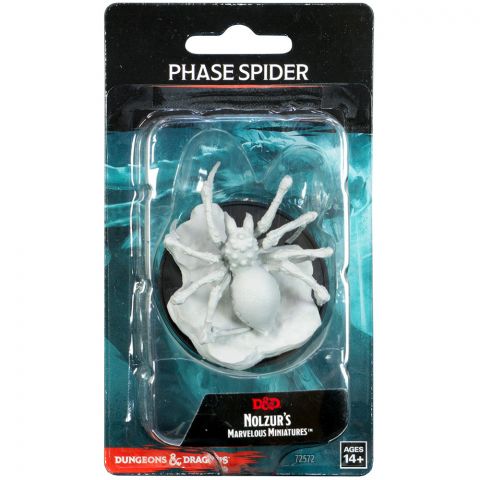 D&D Nolzur’s Marvelous Miniatures: Phase Spider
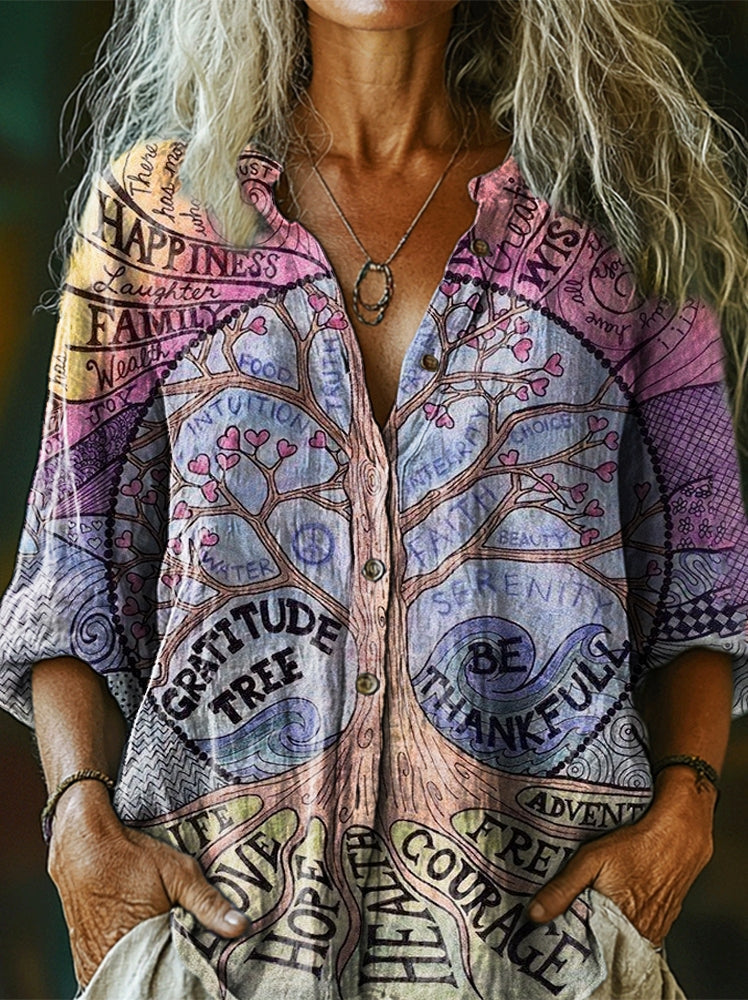 Vintage Inspired Shirt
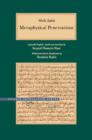 Metaphysical Penetrations : A Parallel English-Arabic Text - Book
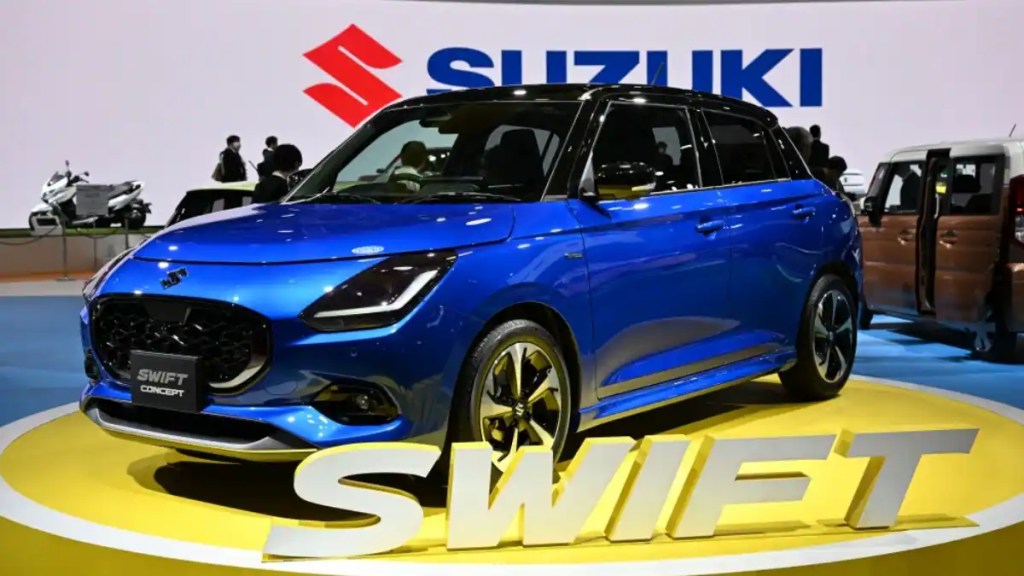 2024 Maruti Suzuki Car 2024 Maruti Suzuki Car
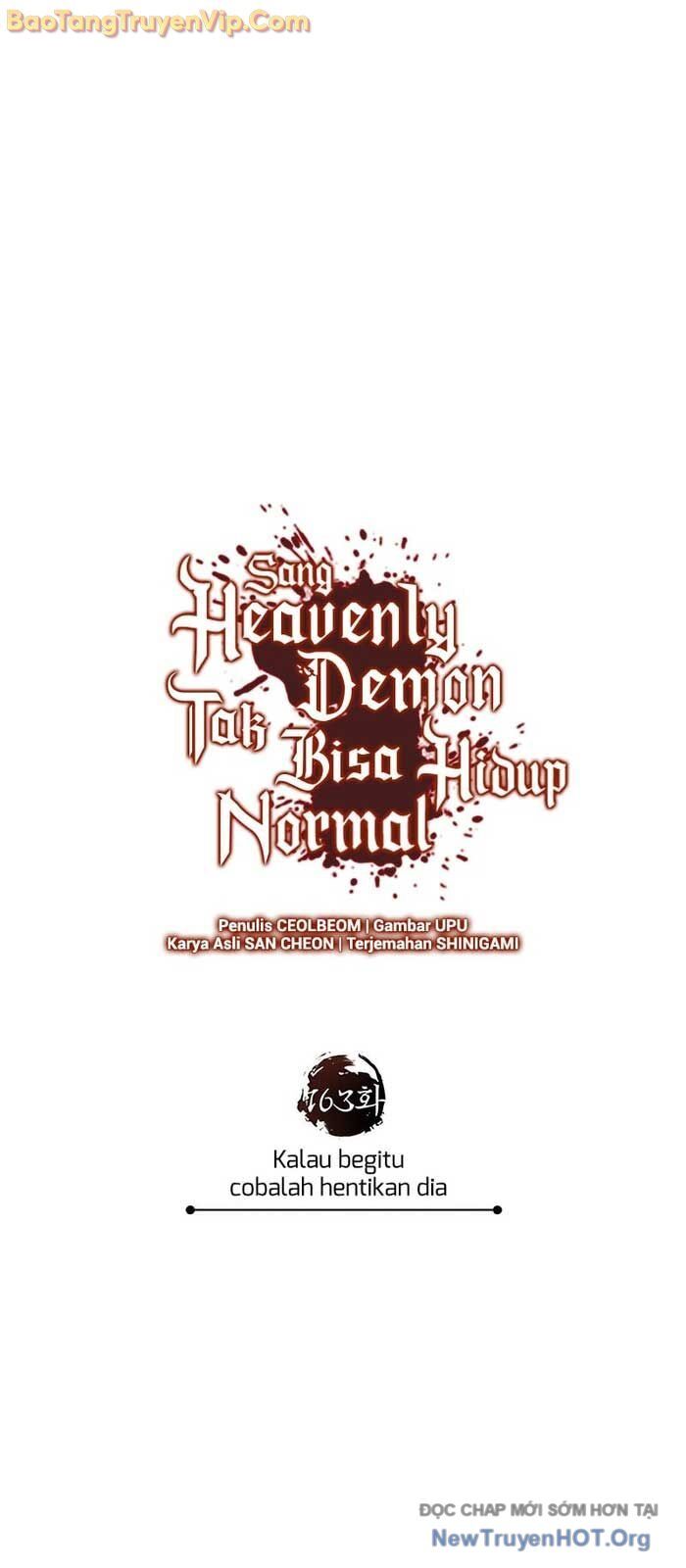 Thiên Quỷ Chẳng Sống Nổi Cuộc Đời Bình Thường - Chapter 163 - Page 40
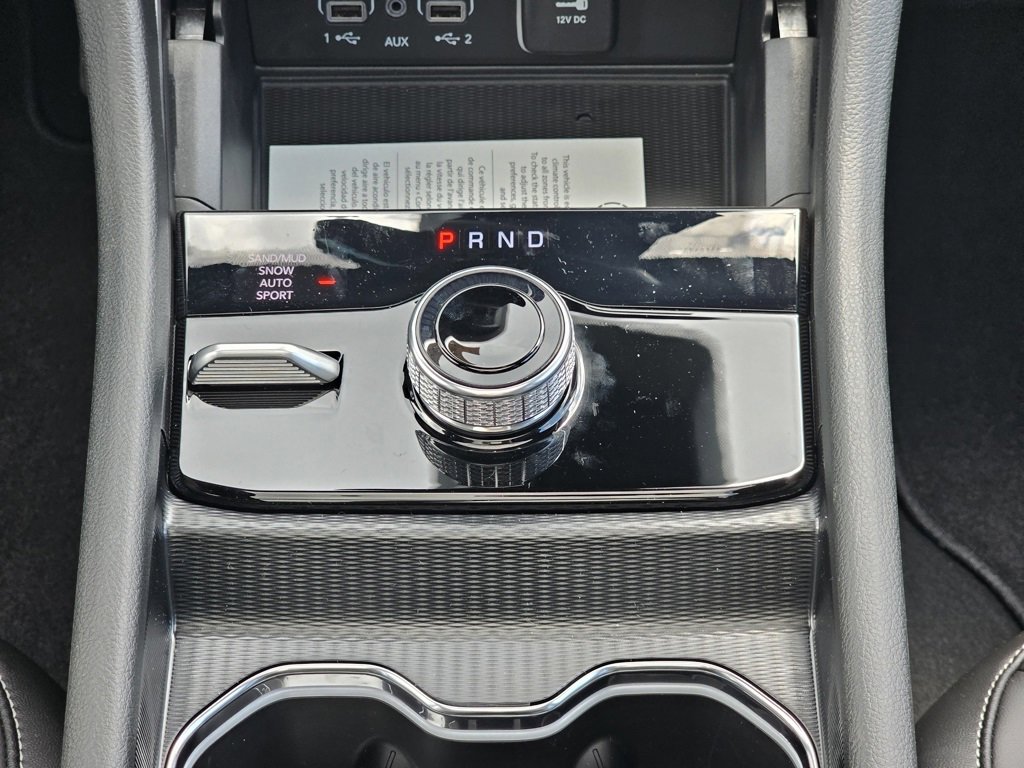 New 2025 Jeep Grand Cherokee L Limited w/ Luxury Tech Group II image 42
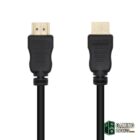 Aisens Cable HDMI V1.4 A/M-A/M CCS 2.0m Negro-Accesorios Imagen y Sonido Gamingdaganzo.com
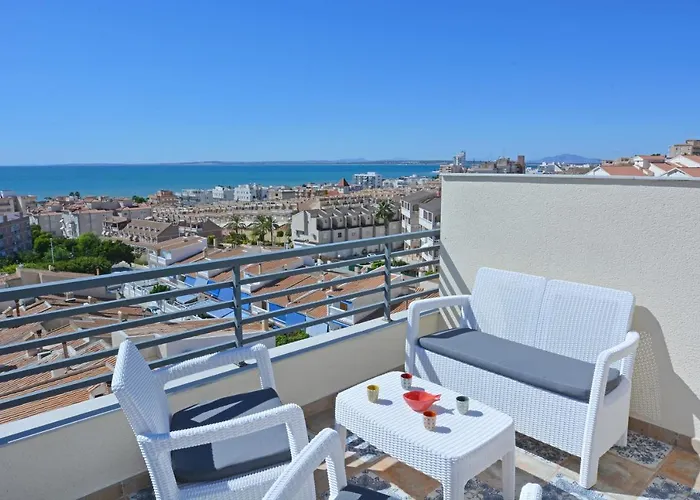 Apartment Penthouse With Panoramic View By Nras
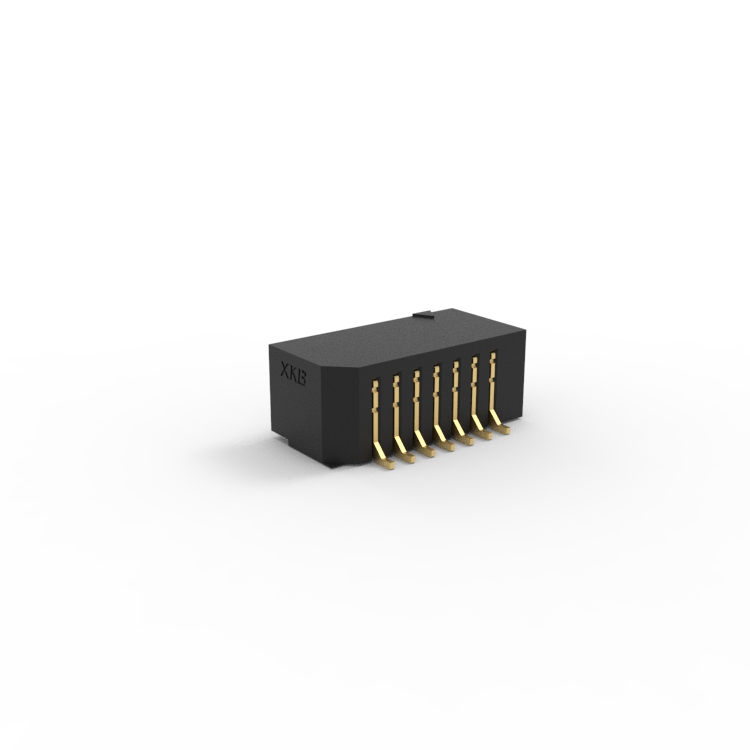 X1102WRS-2x07-N0V01 1.00mm Wire To Board Connector 07Pin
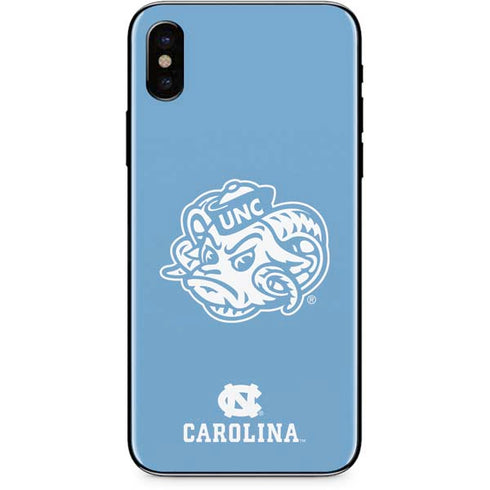 North Carolina Mascot iPhone XS Max Skin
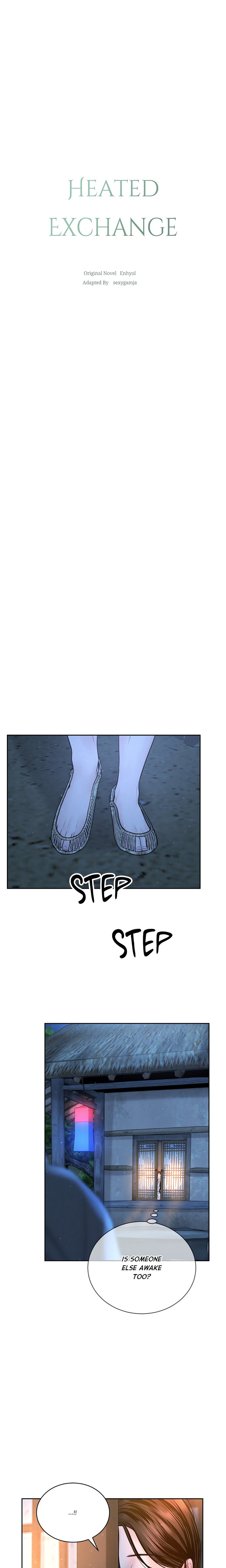 Heated Exchange Chapter 29 - Page 4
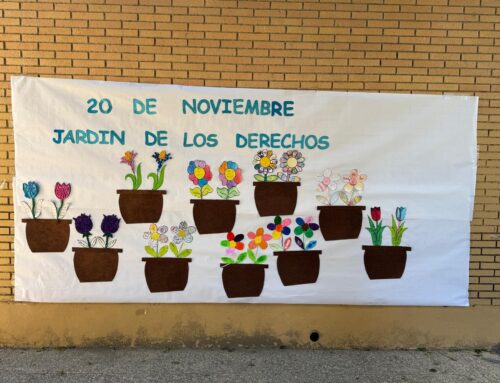 20 DE NOVIEMBRE DÍA DE LOS DERECHOS DE LOS/LAS NIÑOS/AS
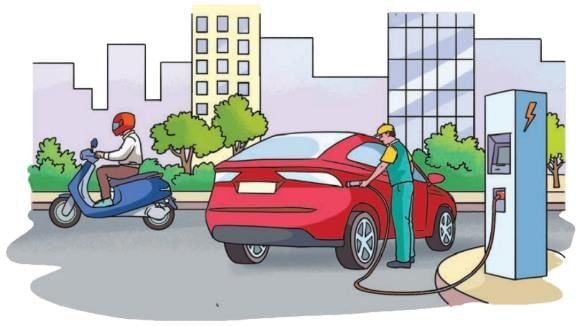 Energy, How Things Work Chapter Notes | Our Wondrous World  Class 5 - New NCERT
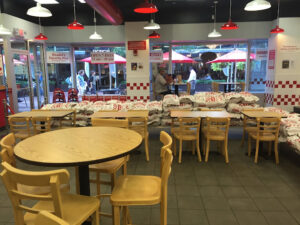 Five Guys - Pittsburgh
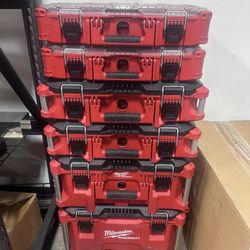 Milwaukee Pack Out. Large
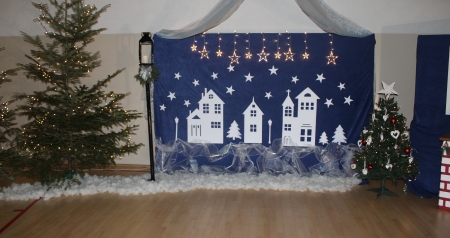 Akademia z okazji Świąt Bożego Narodzenia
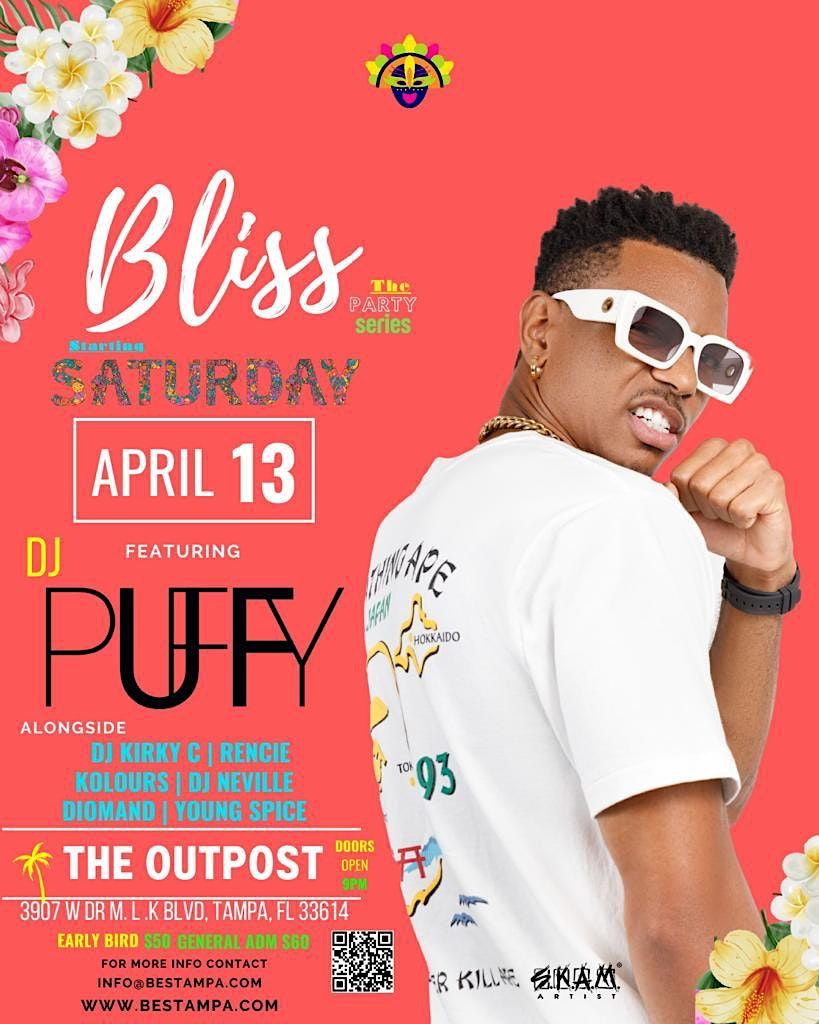 Bliss Event  Series Tampa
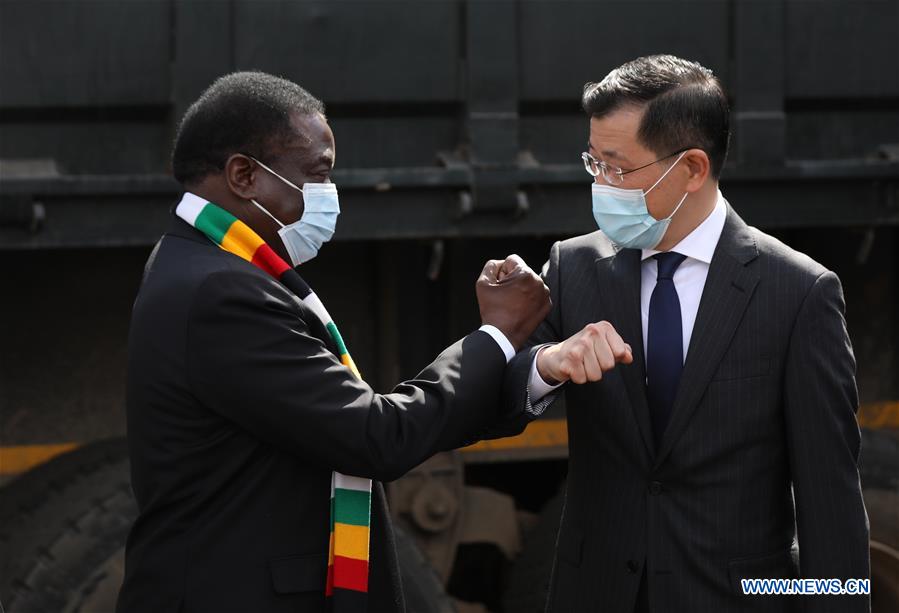 China donates second batch of antiCOVID19 medical supplies to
━━━━
**Problem**. This task calls for restating, word for word, each line from the line holding "New 2025 Jeep" through the end of the material, pictures left out.

**Answer area**.
 New 2025 Jeep Grand Cherokee L Limited w/ Luxury Tech Group II image 42
 Aisens Cable HDMI V1.4 A/M-A/M CCS 2.0m Negro-Accesorios Imagen y Sonido Gamingdaganzo.com
 Apartment Penthouse With Panoramic View By Nras
 X1102WRS-2x07-N0V01 1.00mm Wire To Board Connector 07Pin
 North Carolina Mascot iPhone XS Max Skin
 Heated Exchange Chapter 29 - Page 4
 20 DE NOVIEMBRE DÍA DE LOS DERECHOS DE LOS/LAS NIÑOS/AS
 Energy, How Things Work Chapter Notes | Our Wondrous World  Class 5 - New NCERT
 Five Guys - Pittsburgh
 Milwaukee Pack Out. Large
 Akademia z okazji Świąt Bożego Narodzenia
 Bliss Event  Series Tampa
 China donates second batch of antiCOVID19 medical supplies to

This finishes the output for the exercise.